Here it is: Moira Hodgson's Gingerbread Cookies
DO NOT do anything to this recipe. Seriously. The recipe was originally adapted from a yummy-looking and sadly out-of-print book called, appropriately, Gingerbread: 99 Delicious Recipes From Sweet to Savory which I will have to get a copy of now because I just love gingerbread anything. One year I made gingerbread ornaments for the Christmas tree!
I was trying to remember if I've ever made this recipe with blackstrap molasses before or not. I think I just used this organic one, which I buy at Whole Foods***. I don't know that blackstrap would be that fantastic, might overwhelm the cookies! For an interesting article on the different kinds of molasses, click here.
These cookies are fun because the dough (once chilled) is really easy to roll out and cut into shapes. I found some great Christmas cookie cutters on Amazon a few years ago, from a company called Old River Road. They have all kinds of fun shapes. Also Wilton makes a nice, sturdy snowflake cookie cutter that I love (the fun results of both are shown in my photo, above.)
For baking, I really like my 17 x 12 USA Pans cookie sheet, although I also throw a silicone baking mat down on top first, because I don't like to bake directly on aluminum. Plus it's easier than having to grease the pan. The one I use is only $8 and it's held up fairly well for the last 4 years, although I don't do a ton of baking. I just noticed recently that it was starting to smell sort of burned, but at $8 I can afford to get a new one this year...
These cookies go over well with husbands, pet sitters, mail and package delivery folks, neighbors, Santa...they just make a really economical Christmas gift for those you want to express appreciation for at the holidays!
Best of luck always,
* Or that something I said was plain wrong. It happens.

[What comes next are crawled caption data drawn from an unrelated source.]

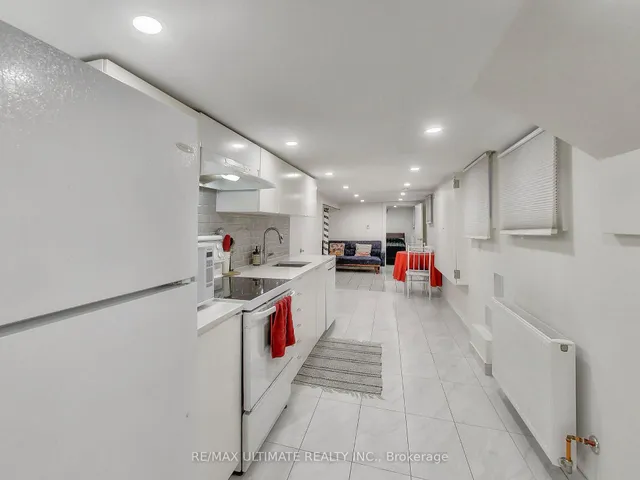 Additional image 21 of 1652 Dufferin St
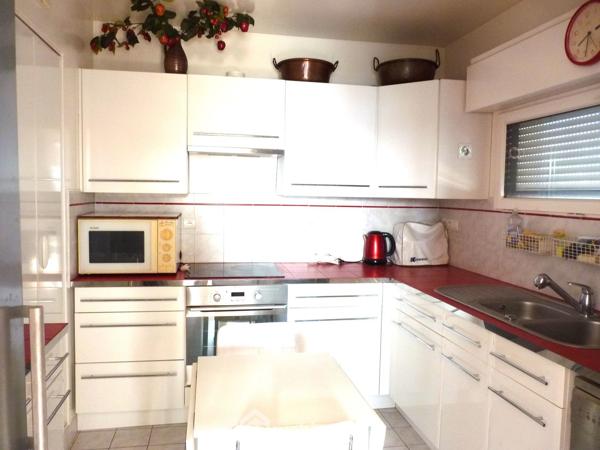 Appartement 92 m² à Issy-les-Moulineaux 92130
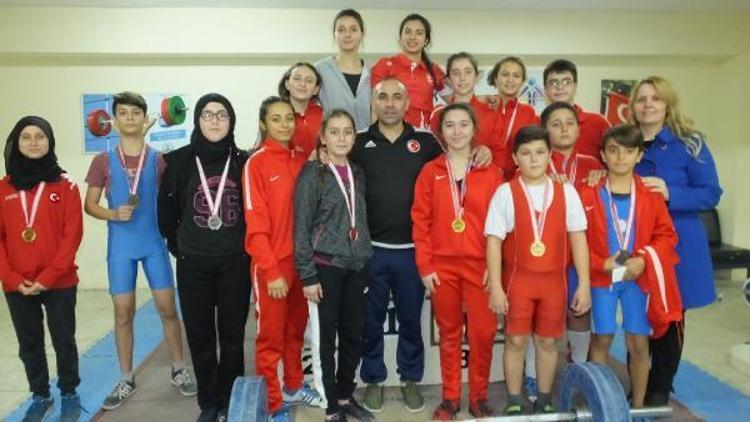 Burhaniyeli halterciler Türkiye Şampiyonası için yarıştı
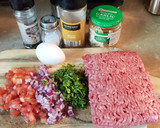 Foto del paso 1 de la receta: Tortitas de carne en caldillo rojo 🤤👌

** And of course after I wrote this post, I made a couple batches of this recipe. Of course I would make some modifications, after all. My dough (both batches) turned out really sticky, not unlike mud, so when the directions called for kneading the dough after most of the flour was incorporated...yeah, that didn't happen. I just kind of globbed it into a pile and shaped it into a saucer-shape, then wrapped it up with plastic wrap and refrigerated.
*** Yep. This is the one I used last year. It's about the only thing I ever use molasses for during the year.